BEGIN Supplied material

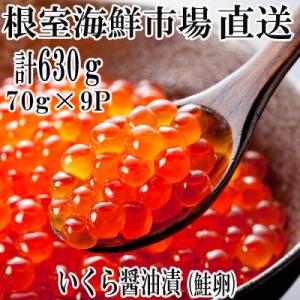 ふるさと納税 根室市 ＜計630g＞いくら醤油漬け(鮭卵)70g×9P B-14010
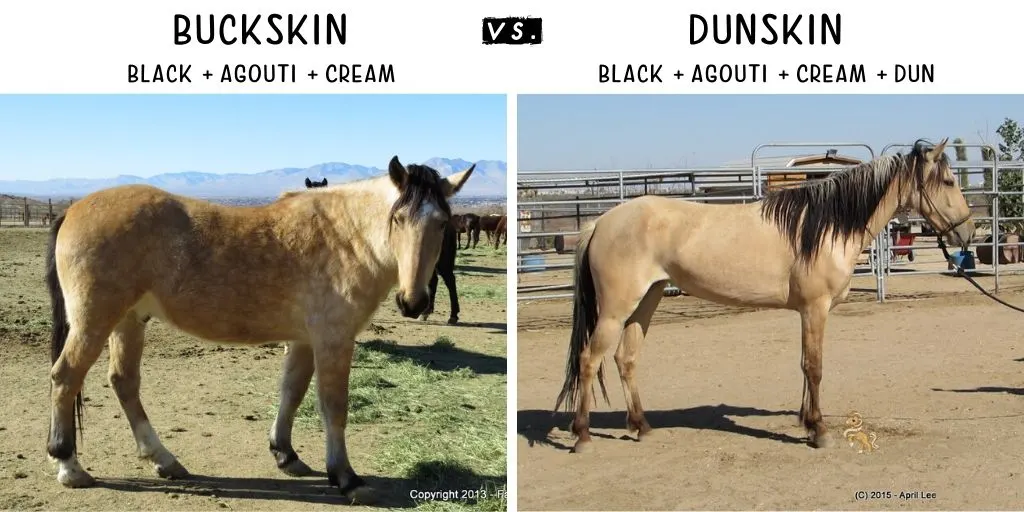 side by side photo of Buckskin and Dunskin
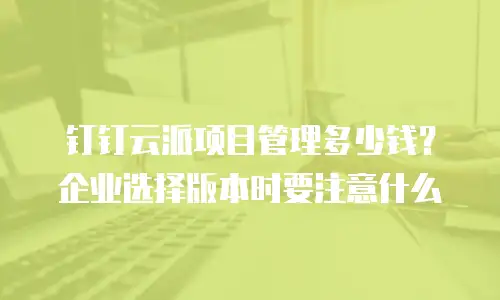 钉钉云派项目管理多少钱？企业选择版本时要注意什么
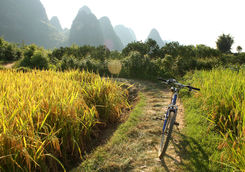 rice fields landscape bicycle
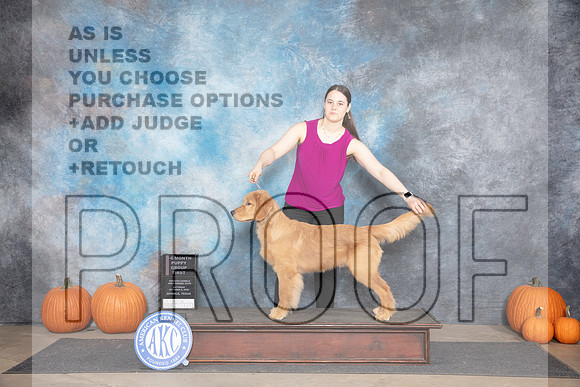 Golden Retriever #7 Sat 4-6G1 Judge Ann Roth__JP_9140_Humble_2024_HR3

END Supplied material
BEGIN Supplied material

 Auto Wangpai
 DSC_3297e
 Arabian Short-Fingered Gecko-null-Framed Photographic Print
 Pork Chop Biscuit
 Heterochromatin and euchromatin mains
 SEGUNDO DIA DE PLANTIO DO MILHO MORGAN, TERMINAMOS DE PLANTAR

END Supplied material
BEGIN Supplied material

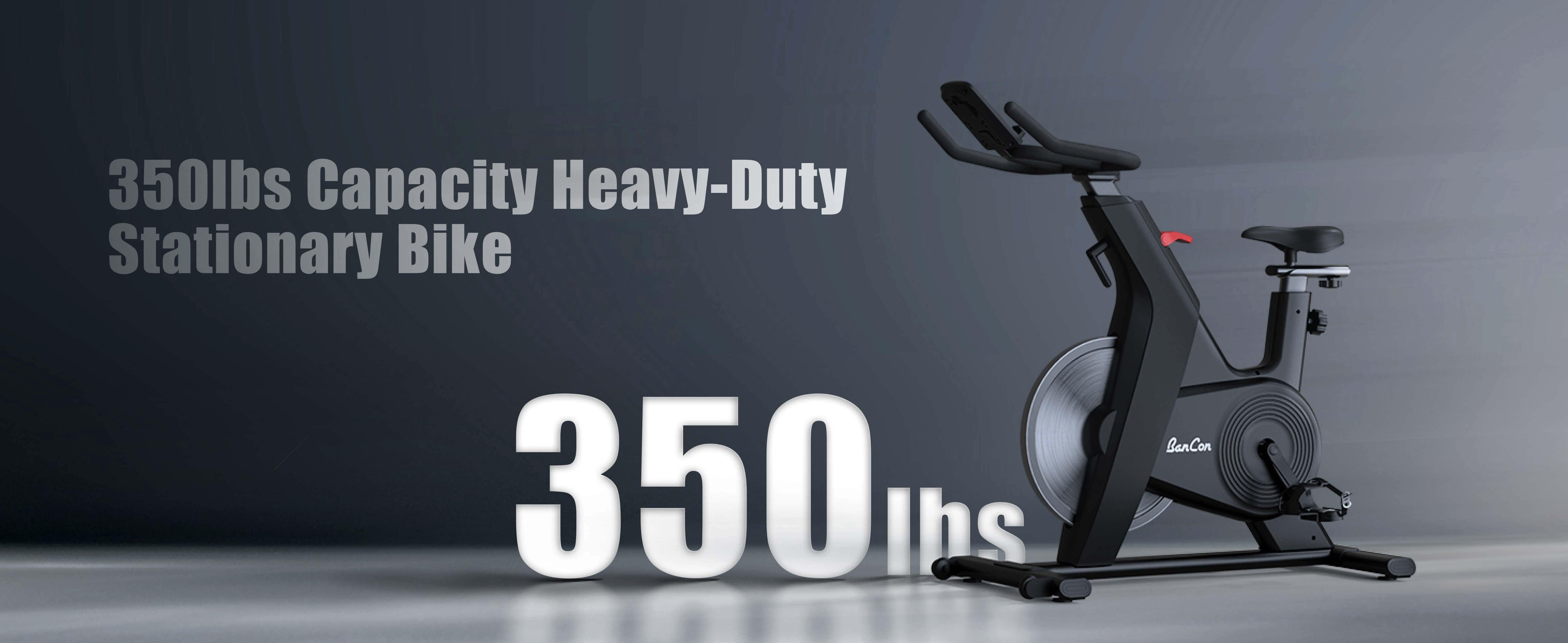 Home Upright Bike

END Supplied material

■ What the task asks: Extract from the records above the lines from the one containing "Auto Wangpai" to the one containing "SEGUNDO DIA DE", both lines included, exactly as they appear and with nothing else.

■ Result:
 Auto Wangpai
 DSC_3297e
 Arabian Short-Fingered Gecko-null-Framed Photographic Print
 Pork Chop Biscuit
 Heterochromatin and euchromatin mains
 SEGUNDO DIA DE PLANTIO DO MILHO MORGAN, TERMINAMOS DE PLANTAR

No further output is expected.